Mevsimsel değişikliklere bağlı olarak yaşanan stresin tatlı krizlerine yol açabileceği konusunda da uyarılarda bulunan Murat Kurt, şöyle devam etti: “Tatlı krizlerinden korunmanın en kesin yolu, kan şekerini dengede tutacak şekilde beslenmektir. Günde 3 ana 3 ara öğün şeklinde düzenlenen bir beslenme programı ve gün içerisinde 4 saatten uzun aç kalmamaya özen gösterilmesi kan şekerinin ani düşüşlerine engel olarak tatlıların çekiciliğini belirli derecede azaltır. İkinci dikkat edilmesi gereken ise karbonhidrat döngüsünden uzak durmaktır. Tatlı krizlerine yenilerek tükettiğiniz tatlıların, yeni tatlı krizlerine yol açacağını unutmamanız gerekir. Kış aylarında yaz aylarına göre tüketiminin zor olduğu söylenen ancak bir o kadarda metabolizmamız için önemli olan su tüketimine bu aylarda da dikkat etmeliyiz.
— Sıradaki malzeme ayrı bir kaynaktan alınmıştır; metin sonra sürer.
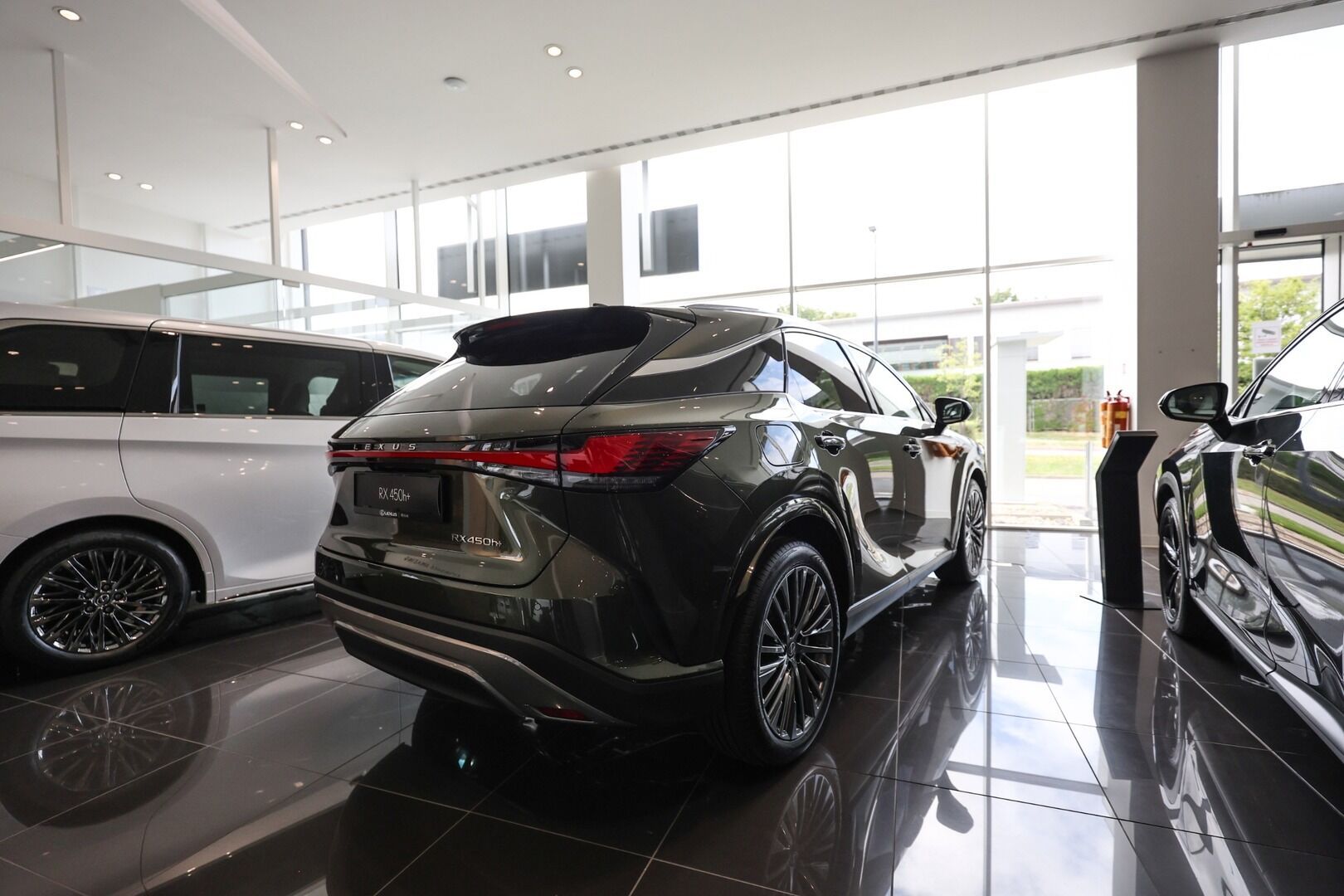Lexus RX, 450h+ 2.5 PHEV LUXURY - fotka 5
Günlük aktivitenize, yaşınıza göre su kaybınıza dikkate almalı ve ödem oluşumunu engellemek için mutlaka su tüketiminize dikkat etmelisiniz.”

SPOR

Kış aylarında da düzenli olarak yürüyüşlere, evde veya kapalı diğer mekânlarda vücudumuzu fit ve enerjik tutacak egzersizlere devam etmenin şart olduğunu söyleyen Diyetisyen Murat Kurt; “Spor yaparken salgıladığımız mutluluk hormonları, beynimizi etkileyerek ruhsal sıkıntılarımızdan uzaklaşmamıza, kendimizi daha iyi hissetmemize ve bu kapalı havaların yarattığı depresif ruh halinden daha kolay çıkmamıza mutlaka yardımcı olacaktır” diyerek sözlerini noktaladı.